Étrange expérience que ce film qu’on croirait exhumé des rayons poussiéreux d’une cinémathèque, tant sa reconstitution du Londres de l’Après-Guerre s’avère stupéfiante de réalisme et ses sentiments d’une autre époque. Jusqu’au rendu des couleurs qui exalte ces employés coiffés de chapeaux melons et réfugiés derrière une dignité d’un autre âge. L’origine de ce film est encore plus déroutante, dans la mesure où il s’agit de la transposition à soixante-dix ans de distance de l’un des chefs d’œuvre les plus oubliés d’Akira Kurosawa par l’un de ses compatriotes de naissance, le romancier anobli Kazuo Ishiguro dont James Ivory et Mark Romanek ont respectivement porté à l’écran deux œuvres majeures : Les vestiges du jour (1994) et Never Let Me Go (2011). Vivre s’attache à un employé modèle qui semble avoir sacrifié les plaisirs de l’existence à son travail de fonctionnaire zélé et décide de rattraper le temps perdu au moment de la retraite, histoire de s’offrir la fantaisie qu’il n’a jamais connue, sous couvert de remplir le devoir monotone qui lui était imparti par ses fonctions hiérarchiques de chef de bureau.
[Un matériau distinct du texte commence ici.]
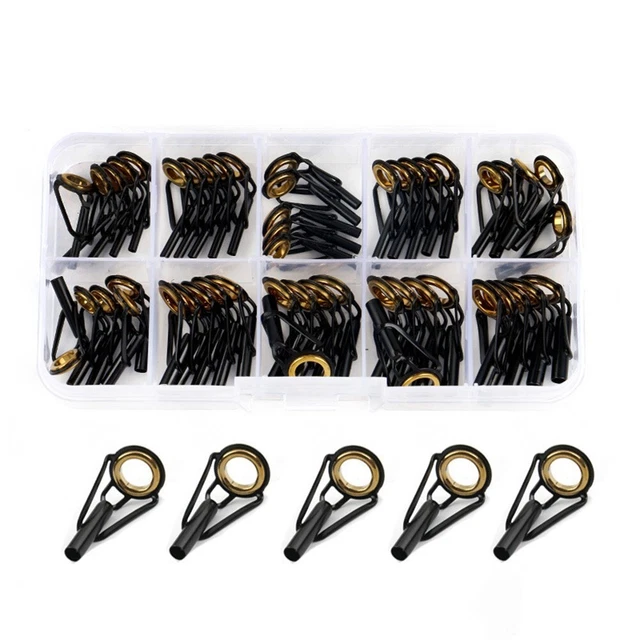 Herold 8 Pz/Set Guide per da Punta Pesce 5-18Mm Dia Kit di Riparazione Anelli Occhi Set Anelli Telaio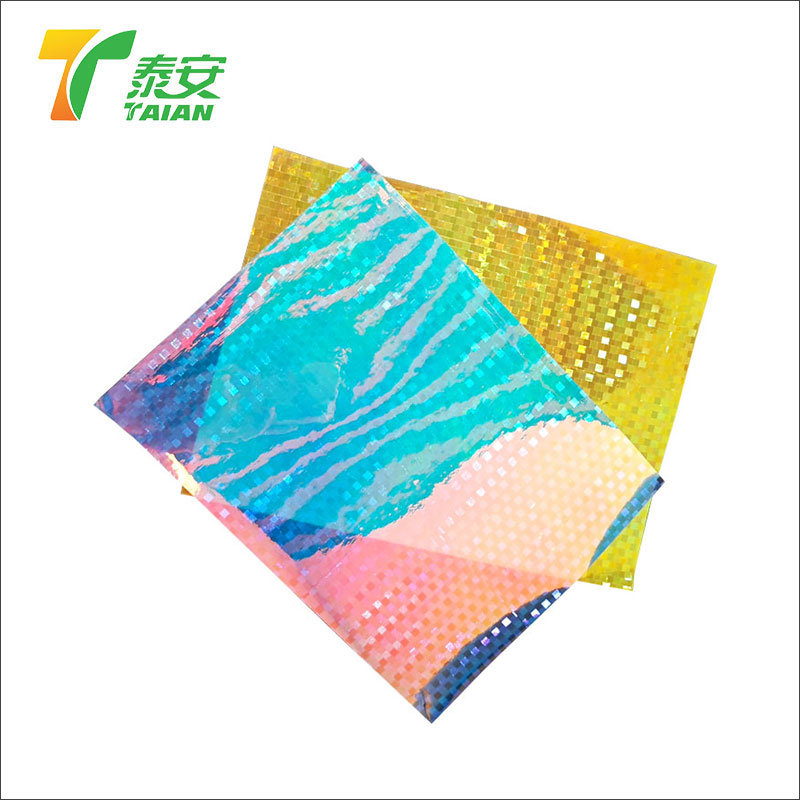 Dichroic+PVC संमिश्र थर्मल लॅमिनेशन फिल्म
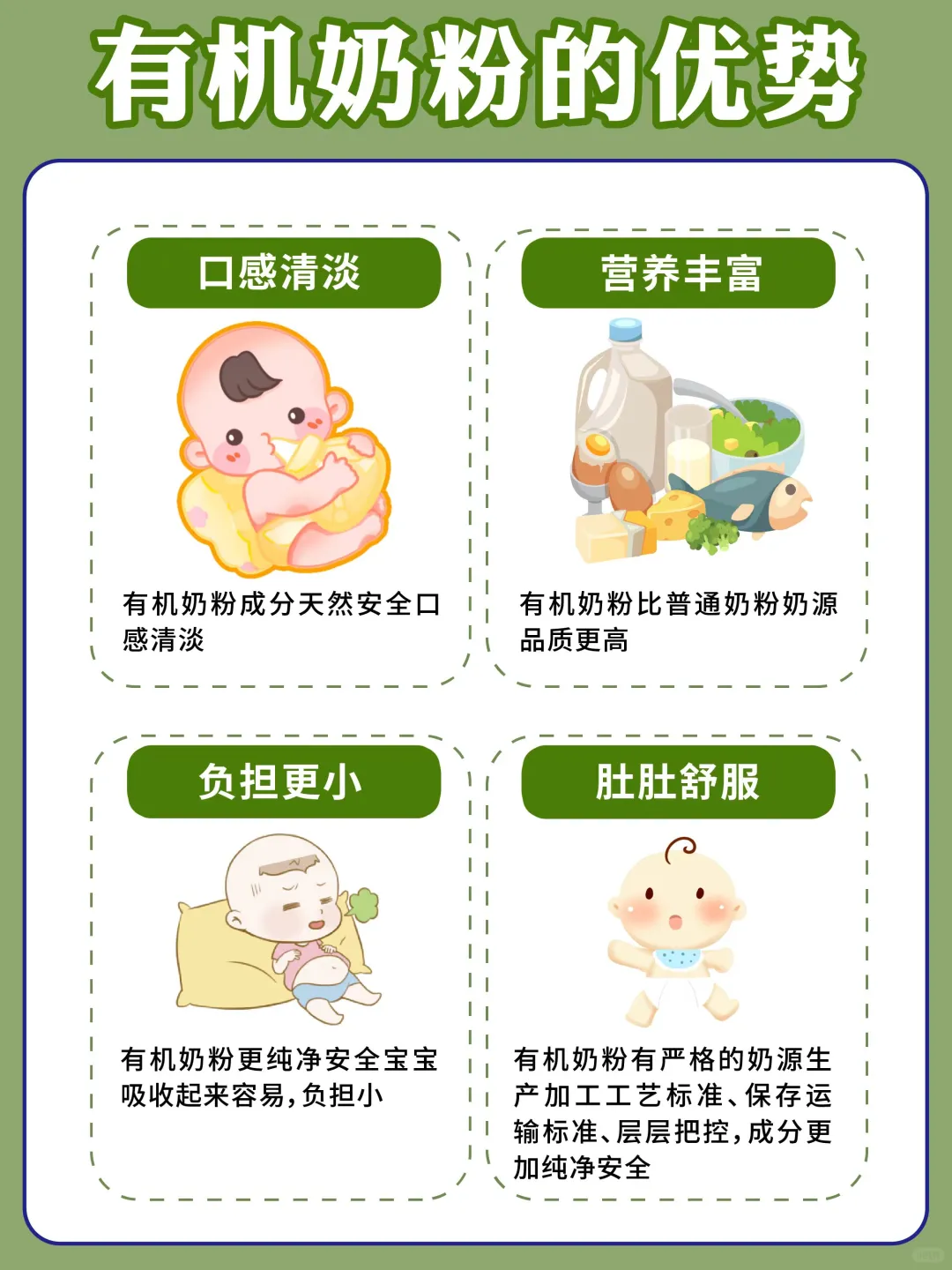 多肉崽谁不爱，是有机奶粉一口一口喂出来的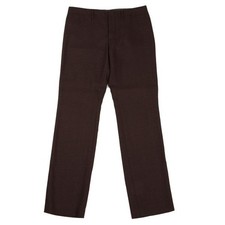 Jean Paul GAULTIER FEMME Wool Blend Pin Dot Pants Size 42 K-153545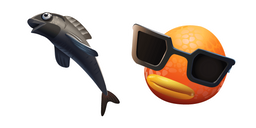 Fortnite Contract Giller Skin Fresh Fish Pickaxe Cursor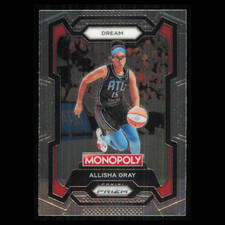 Allisha Gray #6 2024 Panini Prizm Monopoly WNBA Atlanta Dream Basketball Card NM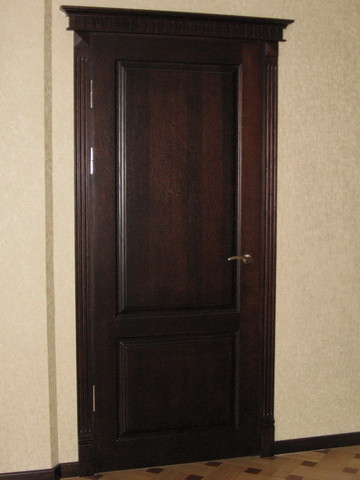 Дубовая дверь - фото 5 - id-p117460899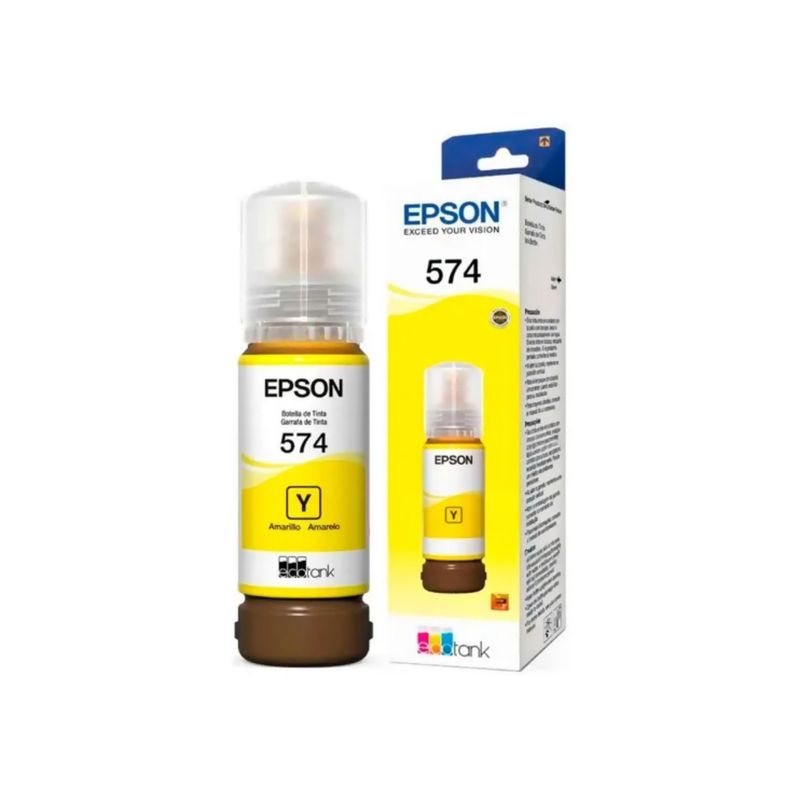 EPSON - Epson Botella De Tinta T574 T574420-AL Amarillo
Un rôle en or pour celui qui l’incarne aujourd’hui dans un contre-emploi spectaculaire : le toujours pince-sans-rire Bill Nighy dont la retenue sied à son personnage ô combien énigmatique aux yeux de ses subordonnés.



Bill Nighy



Vivre est la chronique d’une résurrection. Celle d’un homme qui s’avise que la vie vaut la peine d’être vécue, au moment de tirer sa révérence et de goûter à une retraite bien méritée. Qui plus est un Civil Servant britannique dévoué à sa tâche auquel cette fantaisie tardive va ajouter une précieuse touche d’humanité. Bill Nighy n’éprouve aucune difficulté particulière à se glisser dans la peau de ce personnage confronté à la saveur tardive d’une fantaisie dont il semblait ignorer jusqu’à la tentation. Sans adopter l’apparence d’une fable morale, cette chronique de la grisâtre ordinaire s’impose par l’uniformité du monde qu’elle décrit : celui de la classe moyenne britannique qui semblait perpétuer une lointaine tradition à travers une routine contraignante. Olivier Hermanus excelle dans la description de cette vie de bureau où chaque employé n’est que le maillon d’une longue chaîne administrative invisible qui contribue à ordonner la société à travers ses rituels obscurs. Dès lors, le film assume sa facture vieillotte un rien déconcertante en dépeignant une société figée où le sens du devoir semble avoir pris le pas sur le droit au bonheur, incarné quant à lui par ces employés plus jeunes auxquels la guerre récente a sans doute inculqué une aspiration légitime au bonheur. Sous ses dehors délibérément désuets et le faste d’une reconstitution impressionnante, Vivre distille une philosophie de la vie qui mérite d’être méditée, tant elle relativise sa pérennité sans nous submerger sous les artifices d’une morale au rabais.

Jean-Philippe Guerand







Bill Nighy et Aimee Lou Wood

Commentaires

Posts les plus consultés de ce blog

Le paradis des rêves brisés

La confession qui suit est bouleversante… © A Medvedkine Elle est le fait d’une jeune fille de 22 ans, Anna Bosc-Molinaro, qui a travaillé pendant cinq années à différents postes d’accueil à la Cinémathèque Française dont elle était par ailleurs une abonnée assidue. Au-delà de ce lieu mythique de la cinéphilie qui confie certaines tâches à une entreprise de sous-traitance aux méthodes pour le moins discutables, CityOne (http://www.cityone.fr/) -dont une responsable non identifiée s’auto-qualifie fièrement de “petit Mussolini”-, sans nécessairement connaître les dessous répugnants de ses “contrats ponctuels”, cette étudiante éprise de cinéma et idéaliste s’est retrouvée au cœur d’un mauvais film des frères Dardenne, victime de l'horreur économique dans toute sa monstruosité : harcèlement, contrats précaires, horaires variables, intimidation, etc. Ce n’est pas un hasard si sa vidéo est signée Medvedkine, clin d’œil pertinent aux fameux groupes qui signèrent dans la mouva...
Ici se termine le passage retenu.